* _Exercise_: Only the pictures should be left out; repeat the rest of the data exactly.

[Data excerpts]
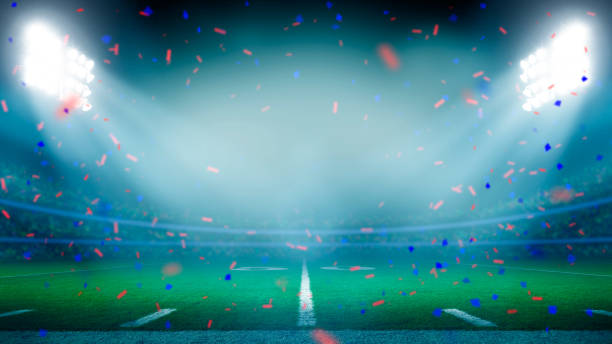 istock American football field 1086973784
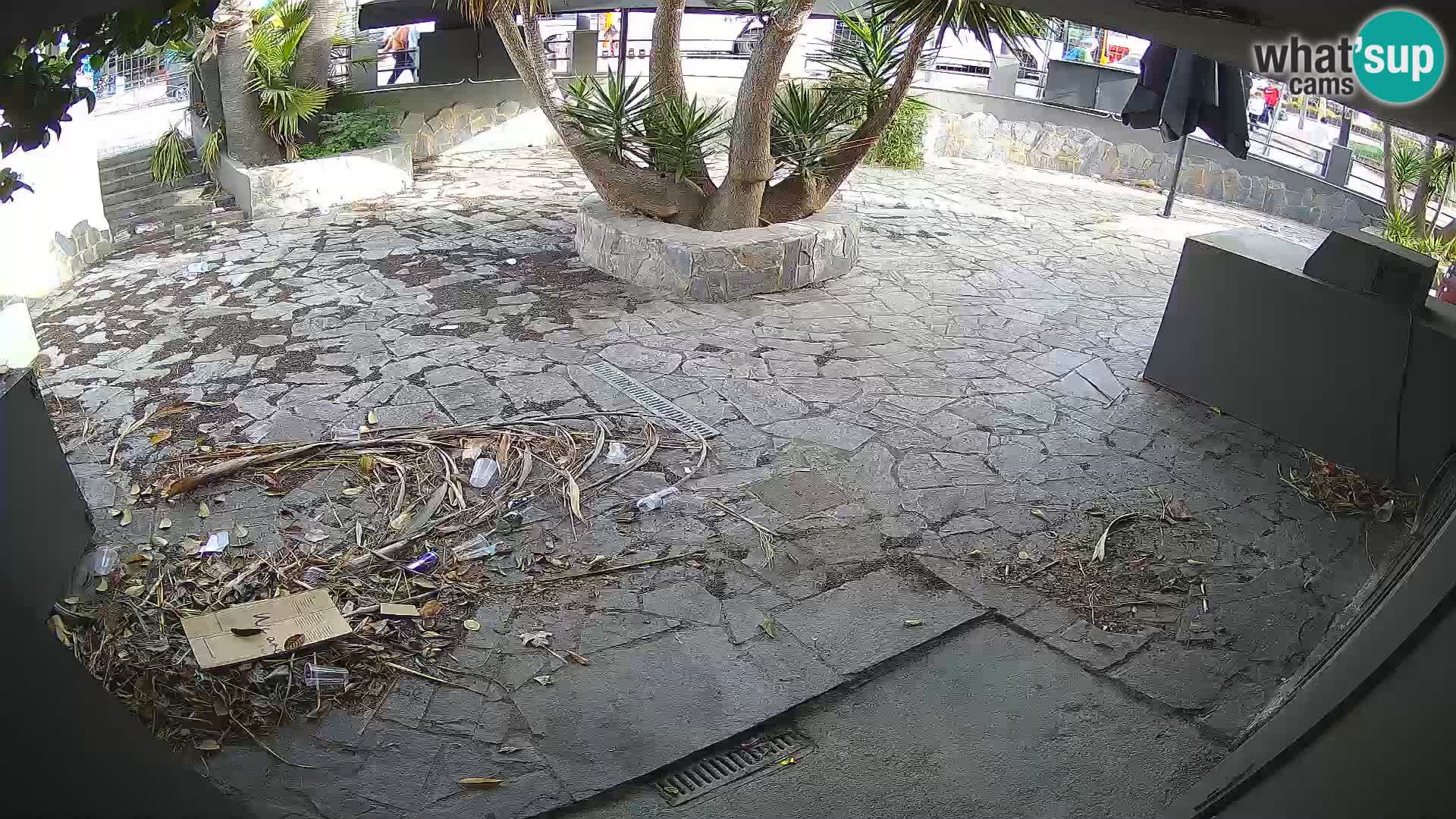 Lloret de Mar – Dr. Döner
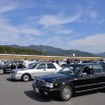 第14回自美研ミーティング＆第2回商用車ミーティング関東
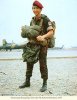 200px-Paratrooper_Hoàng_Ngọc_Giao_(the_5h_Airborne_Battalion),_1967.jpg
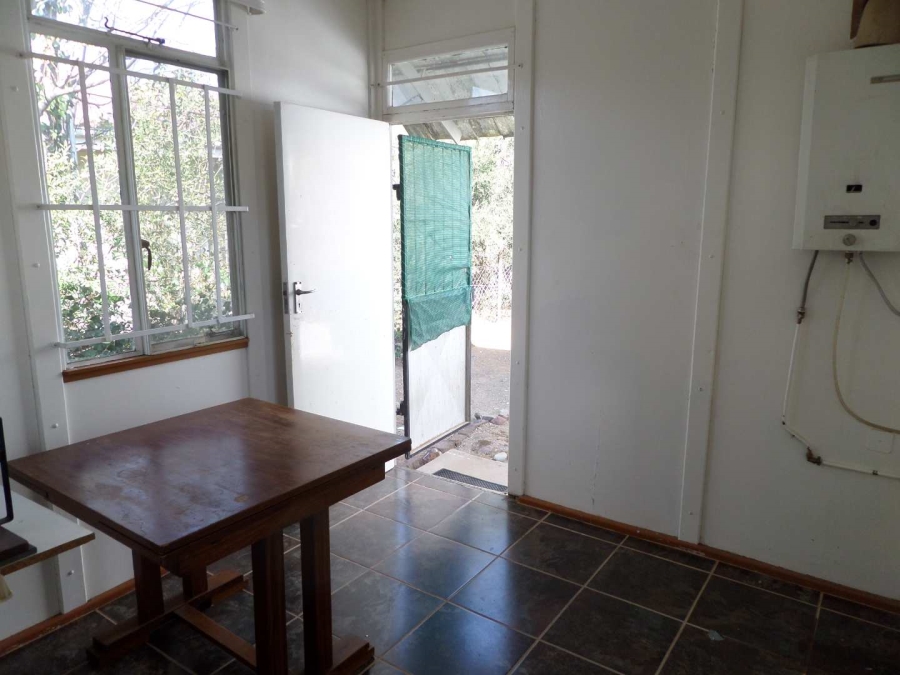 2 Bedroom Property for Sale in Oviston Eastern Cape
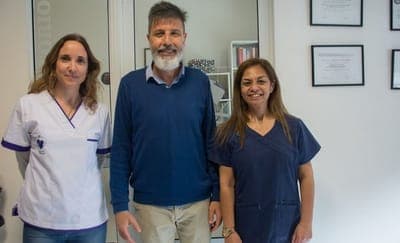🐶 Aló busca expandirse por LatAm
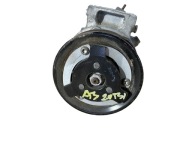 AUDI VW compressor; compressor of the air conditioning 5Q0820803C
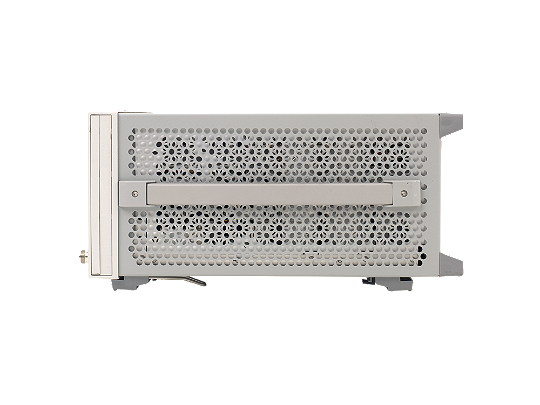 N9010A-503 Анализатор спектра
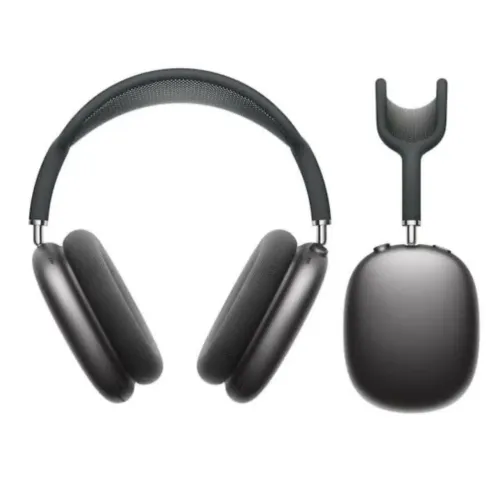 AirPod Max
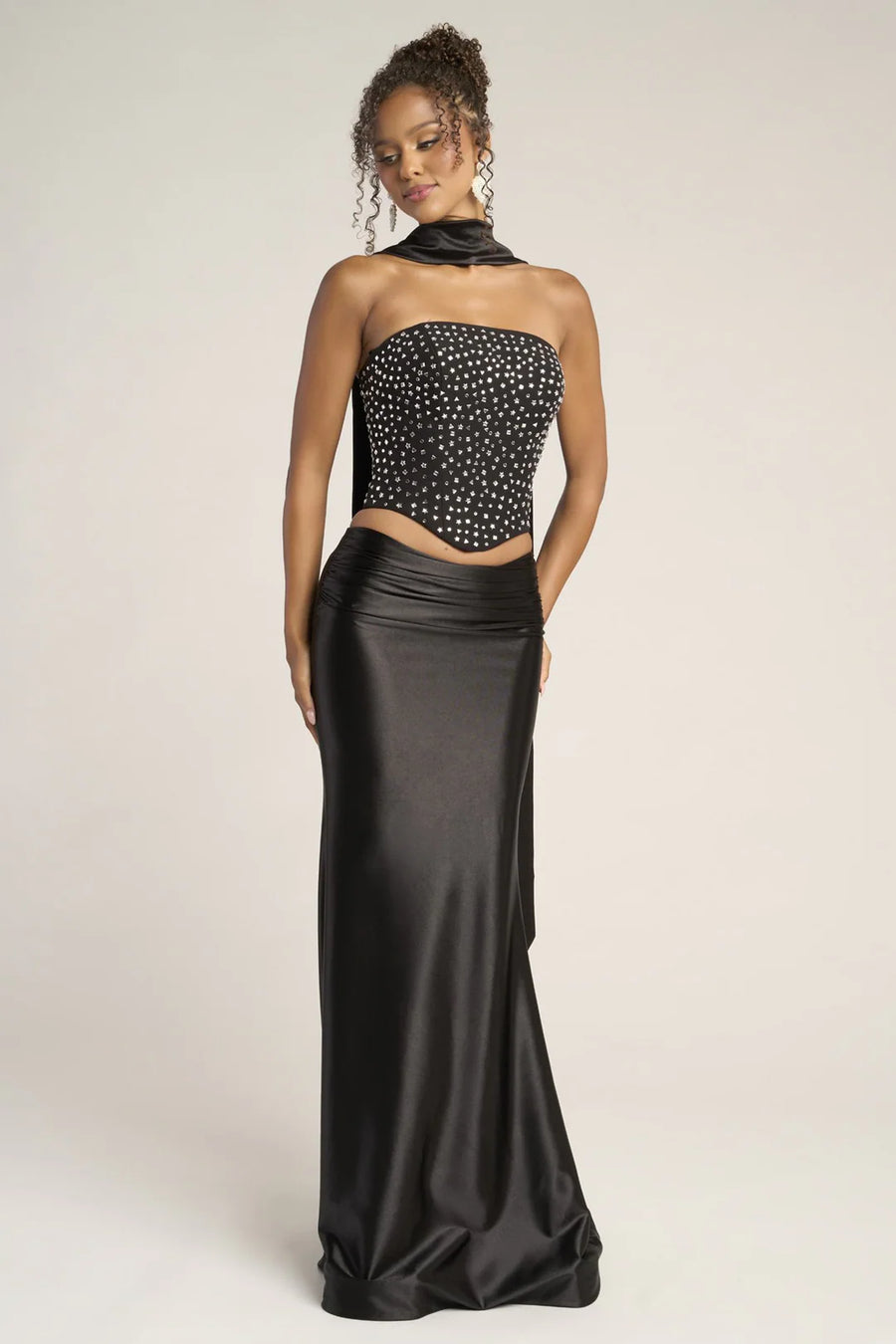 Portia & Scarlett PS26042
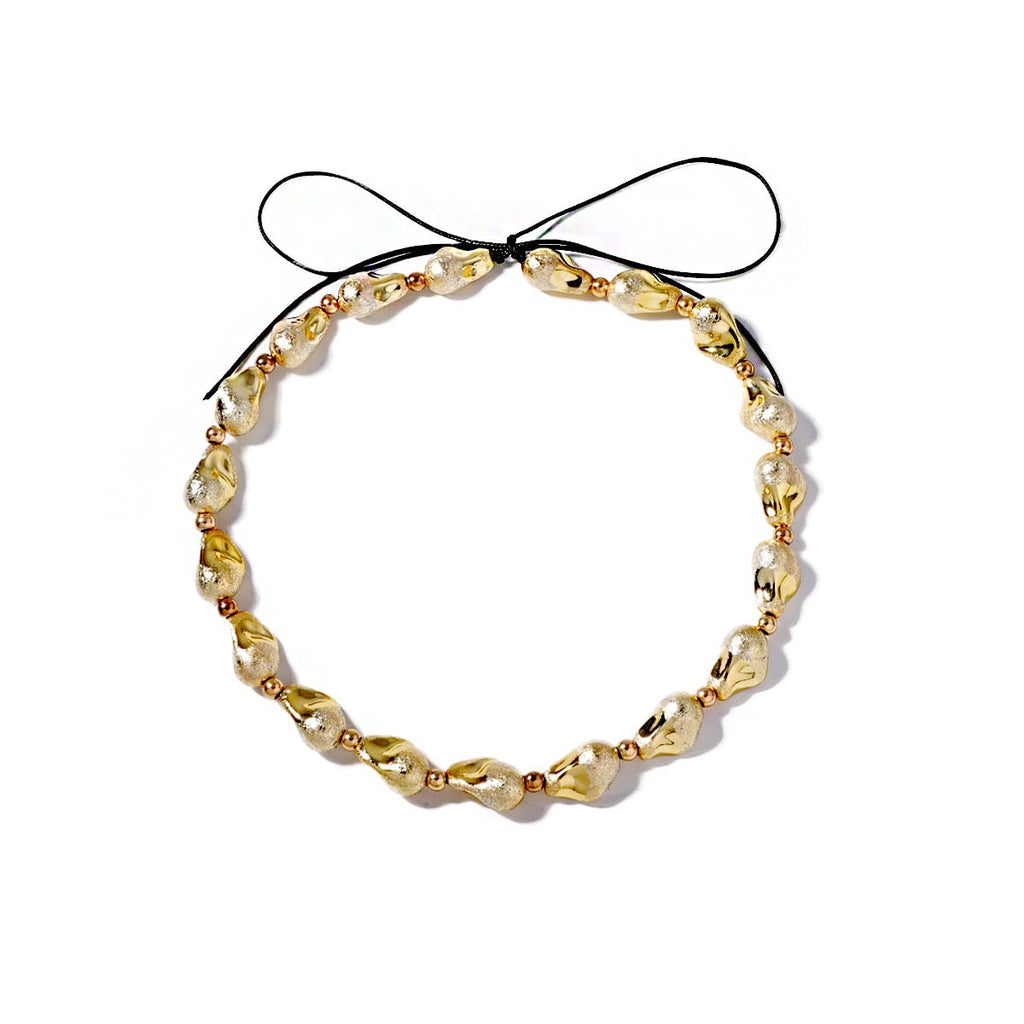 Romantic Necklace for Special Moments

* _Solution below_:
 istock American football field 1086973784
 Lloret de Mar – Dr. Döner
 第14回自美研ミーティング＆第2回商用車ミーティング関東
 200px-Paratrooper_Hoàng_Ngọc_Giao_(the_5h_Airborne_Battalion),_1967.jpg
 2 Bedroom Property for Sale in Oviston Eastern Cape
🐶 Aló busca expandirse por LatAm
 AUDI VW compressor; compressor of the air conditioning 5Q0820803C
 N9010A-503 Анализатор спектра
 AirPod Max
 Portia & Scarlett PS26042
 Romantic Necklace for Special Moments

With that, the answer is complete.